▸ Work task:
Your response is a verbatim copy of the listing, stripped of its images.

▸ Recorded data:
┏━━
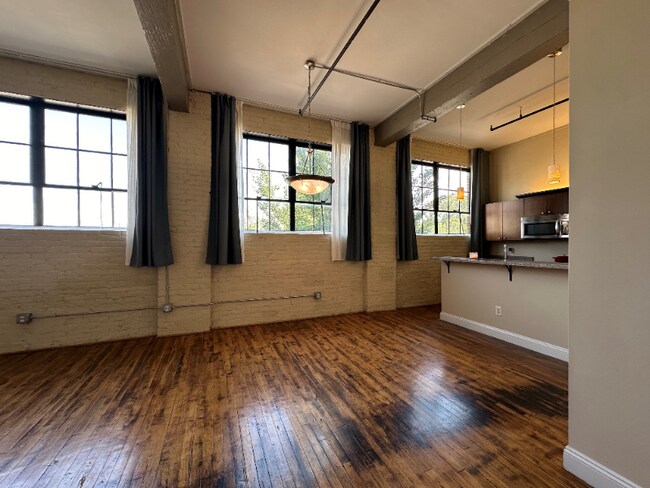 Foto del edificio - 109 N Hayne St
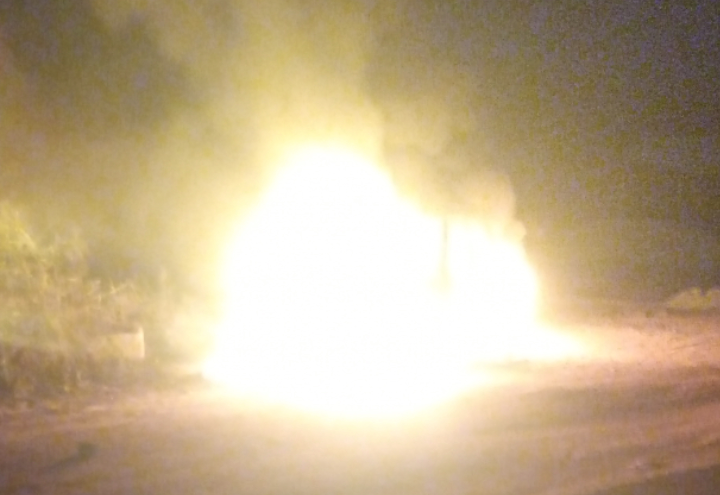 FIRE EXPLOSION: Range Rover car on fire, along OOU road, Ibogun - VIDEO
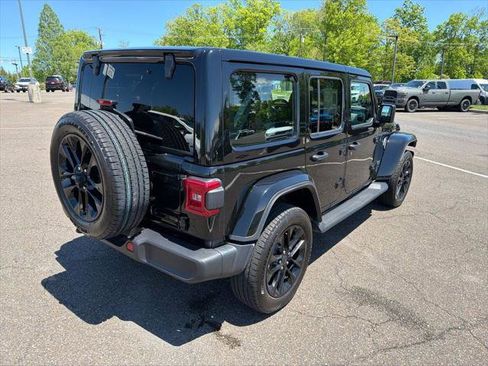 Certified 2025 Jeep Wrangler Unlimited Sahara AWD/4WD image 3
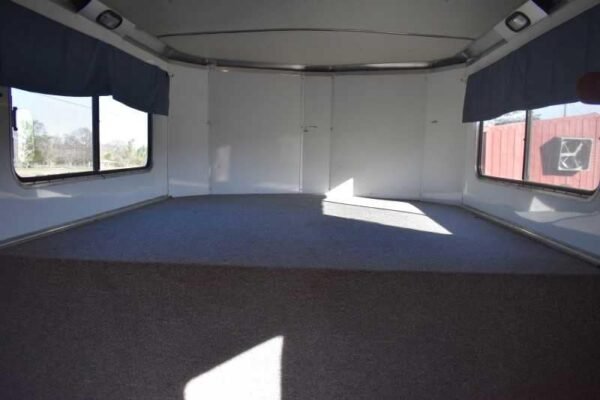 Used 1998 Silver Star 2HGN 2 Horse Trailer with 6′ Short Wall - Image 5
┗━━
▸ Task result:
 Foto del edificio - 109 N Hayne St
 FIRE EXPLOSION: Range Rover car on fire, along OOU road, Ibogun - VIDEO
 Certified 2025 Jeep Wrangler Unlimited Sahara AWD/4WD image 3
 Used 1998 Silver Star 2HGN 2 Horse Trailer with 6′ Short Wall - Image 5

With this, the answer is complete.